Various proposals to increase the percentage of people whose organs are available for transplant have been made. A concept called "presumed consent," in which people are presumed donors unless they stipulate otherwise, has been suggested, but raises the obvious legal and moral objection that society does not have the right to presume people's consent, no matter how worthy the cause. There have also been attempts to legally require physicians to ask the families of the deceased, the de facto gatekeepers, for permission to remove organs, something physicians are often loathe to do under the circumstances in question. Publicity campaigns and other measures have been tried, with limited success.

None of this is necessary. What we actually need is legislation that would give priority for available organs to people who have themselves signed the organ donor card. Those who have signed would go ahead in line of those who have not. To keep people from waiting until they need an organ before signing the card, there should be a priority (adjusted for age, of course) for people who have been signed up longest. This would give people an incentive to sign the card immediately in case they ever needed an organ later. To get right to the point, fear is a very efficient motivator.

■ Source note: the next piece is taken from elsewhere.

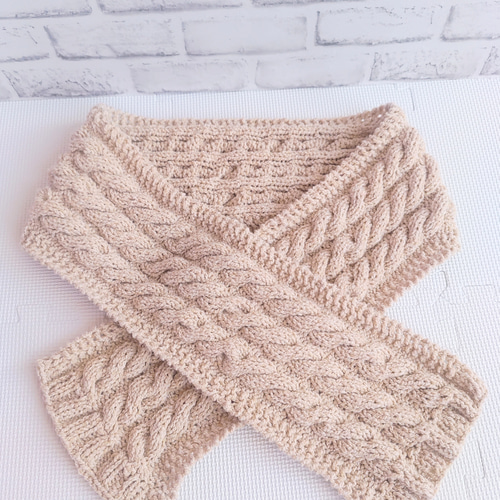 ケーブル模様のシンプルマフラー(ベージュ) マフラー はなりん 通販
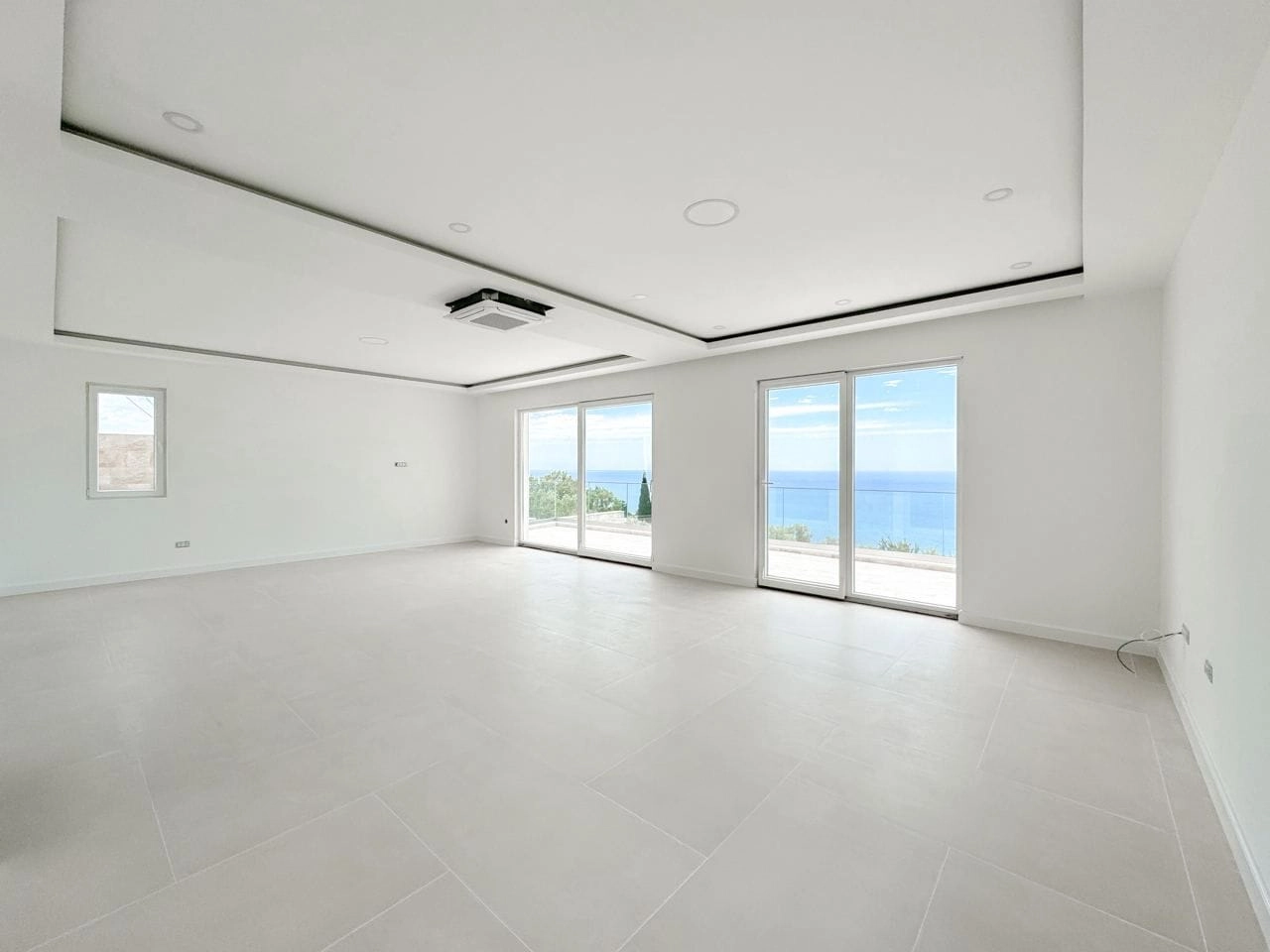 Trospratna-kuca-sa-bazenom-u-Rezevicima-Budva-8 Kuća 217 m² – Reževići, Budva — fotografija 9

This way of getting more people to sign up is morally unimpeachable, as it makes the benefits of organ transplantation available to those who are willing to donate their own organs to others. They are clearly more deserving of a transplant that someone who has refused, either deliberately or by neglect. This would replace a system based on handouts with one based on individual responsibility, something conservatives should appreciate.

The other issue that has to be dealt with is family obstructionism. If someone consents to be a donor, hospitals today are still legally required to obtain the permission of next-of-kin. This is unjust, it kills people, and it should stop. When the autonomy of the donor, and the life of the potential recipient, are at stake, the rights of families are distinctly secondary, even if they are not nonexistent. We do not allow families, except under special legal circumstances, to veto the deceased's will with respect to their property, so why should the families have a veto power concerning their body? It is morally right that someone who want their organs donated should have them donated, even if their family disapproves.

Since organ transplantation is already governed by a legislative framework, changing the rules would be controversial but not legally infeasible. It would probably be easiest, since donor cards are generally on the back of drivers' licenses, to have people register their willingness to donate whenever they renew their drivers' licenses, since motor vehicle departments already keep records on everybody. A large new bureaucracy would not have to be created. Naturally there might be some problems, but this is as nothing compared to the thousands of lives that might be saved every year. The exact quantitative effectiveness of these two proposals is unpredictable, but even an incremental improvement would translate into thousands of lives.

I know it's an awfully cliche, but people will die every day until we do something. One of them just might be you.